Antigonish Review
#123
Michael Benigni
The Oracular Imagination in Elizabeth Bishop
Elizabeth Bishop's reputation has been growing steadily in recent years,
to the point where, in many circles, it does not seem an exaggeration
to place her among the handful of major post-war American poets. This
is remarkable considering the relatively small body of verse she published
in her lifetime and the seemingly limited thematic scope of her poems.
No small part of this phenomenon is due, no doubt, to the respect and
dedication given to her by her peers - from her contemporaries, Lowell
and Jarell, for whom she was a discovery, to the next generation of poets,
including Merrill, Ashbery, and many others for whom she was a major influence.
The reasons for admiring Bishop are many and varied, but one thing every
one of her peers agrees on is the preeminence of her craft. Lowell's judgment
from early on was that she was one of the "best craftsmen alive."
Years later, Ashbery called her "a writer's writer's writer."
When asked about her craft and influence in a 1968 interview, her good
friend James Merrill singled out the "unpretentiousness of her form,"
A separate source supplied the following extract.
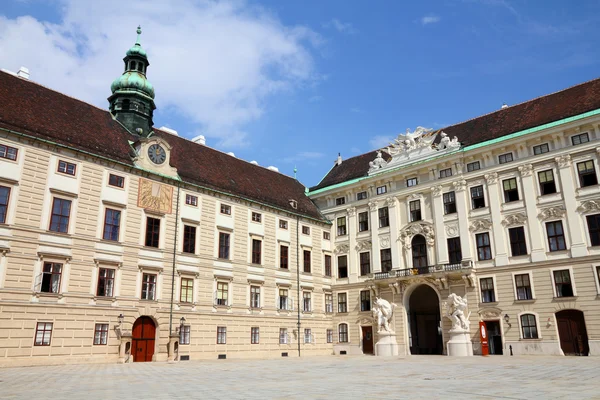 ホーフブルク宮殿、ウィーン — ストック写真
yet acknowledged that she, along with Stevens (and unlike Pound who wrote
"like a god") "write like angels."
Perhaps, then, this is the secret of her unique appeal, particularly
to contemporary writers (who, after all, often fall prey to the most unappealing
kinds of vanity). Hers is a humble speaking voice, clearly awed in the
presence of the natural world she most meticulously describes, in fact,
sublimely subsumed in the contemplation of it, and yet humourously dismissive
of the spiritual transformations that derive from it. But there is a deep
sense of transcendental yearning at the heart of Bishop's poetry, her
public disavowals of religious faith and her lack of bardic posturing
notwithstanding. For want of a better phrase, I should like to term this
quality "the oracular imagination" in Elizabeth Bishop. It exists
coincidentally and perhaps inextricably with those features that we most
commonly associate with her poetic stance - her dogged empiricism, her
tact and manners, her emotional restraint, her formalist aesthetics, and
her canny understatement. It is my contention, then, that it is this tug
toward the oracular imagination, the sudden welling up of the bardic or
sublime speaking voice, that gives Bishop her unique and subtle appeal
for many contemporary readers. One can trace this characteristic throughout
Bishop's career, in early poems such as "The Fish," to such
later masterpieces as "At the Fishhouses," "The Armadillo,"
and "The Moose." This essay will focus primarily on the oracular
imagination as it is manifested in two Bishop poems, the early uncontestable
masterpiece, "The Man-Moth," and the later, lesser-known "Sandpiper,"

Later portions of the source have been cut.